Joe Fairless: How many units was that other one?
Eric Martel: The first one was 20 units, this one is 24 units.
Joe Fairless: And then you’ve got…
Eric Martel: And we bought a bunch of other ones after that too.
Joe Fairless: Anything larger than 24 units?
Eric Martel: No. These are pretty much that size; we have 16 to 24 units. Yeah.
Joe Fairless: Percentage of real estate investors who are focused on multi-family would stay away from 16 units, 20 units, 24 units, especially if they weren’t local, because of the property not being able to pay for staff to oversee it. How do you get around that?
Eric Martel: Well, for us, we have a property management company. It’s actually the same property management company that is managing our single-family rentals, and these apartment buildings. So it is the same professional property management company, they have all the processes.
Joe Fairless: Third-party or you own them?
Eric Martel: It’s a third party.
Joe Fairless: Third-party. Okay.
Eric Martel: So they’re doing a great job, they’re professional, they know what needs to be done. And it’s really the same thing. There’s no difference for us whether it’s a single-family or multi-family. We don’t have anybody on location either, like a superintendent, or — we don’t have an office on site. So it’s just a property management company that handles all of that.
Joe Fairless: What type of learning curve was there for the property management company to manage a 24-unit property, if they weren’t already doing that for other landlords?
Eric Martel: Yeah, they were already doing that for other landlords. But that’s a good point. If you’re dealing with a property management company right now that only handles single-family rentals and now you want to get into the multi-family, you may have to find a different property management company to handle that. It is slightly different in how it is handled.
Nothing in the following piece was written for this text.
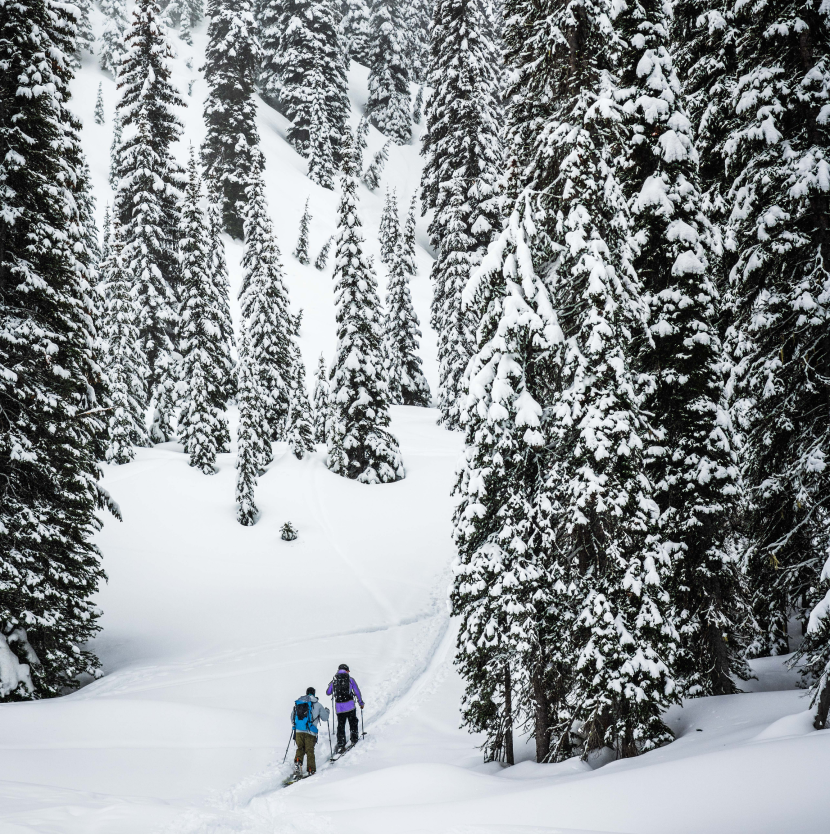 Skiing in the backcountry.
Joe Fairless: In what ways is it slightly different?
Eric Martel: Well, there’s a lot more traveling around in the single-family rental. If you want to go and visit your 16 tenants and 16 different houses, then your property management company has to travel a little bit more to get things done. You have 16 roofs that you have to deal with, you have 16 times four exterior walls that you have to deal with. So for the property management company it’s different from that perspective, and a different market. If they’re dealing with one apartment building in terms of maintenance and all, that’s a little bit easier, I would say. But they’re also dealing with other problems, because typically it’s in other areas, in other residential areas. For us, we’re in Midtown, so if you’re in Midtown Memphis, there’s a little bit more… It’s not a serious crime, but you have more serious problems, people, vagrants that are walking around, and you have to be careful about that. Also because you have all these people in the apartment building, then there are more potential conflicts, I would say, between tenants. The music is too loud and blah blah blah, and these kinds of things. In single-family rentals you don’t have to deal with that, or the barbecues, or… Especially in Memphis, you do a lot of barbecues.
Joe Fairless: They’ve got good barbecue there. Of course…
Eric Martel: They do, they do.
Joe Fairless: They should be doing barbecues. What deal have you lost the most amount of money on?
Eric Martel: I think it was really a single-family rental. We haven’t lost really that much money. Out of 200 or more properties that we did, we probably lost money on, I would say maybe, five properties.
Joe Fairless: Which one did you lose the most on?
Eric Martel: Less than 10. And I think the one we lost the most on, going from memory, I think it was $9,000; that’s how much we lost.
Joe Fairless: That’s nothing compared to the good stuff. Do you remember what happened on that deal?
Eric Martel: There was a couple of things. There was a plumbing issue in the wall, and we didn’t know about it, because we didn’t open any of the walls; we just did our thing, and then the main stack had an issue with it, and we needed to fix that. And the one that happened last month was — there was a lot of rain in Cleveland, and then we had seepage in the basement of one of the units. And we had done some seal from the inside and everything seemed fine, but then there was like torrential rain, and now the water started seeping in. So we had to go and spend $6,000 that we were not planning to spend on that renovation. So, yeah, these kinds of things. So this one we didn’t lose money, but every once in a while you do get surprises like that where you actually have to plan for that.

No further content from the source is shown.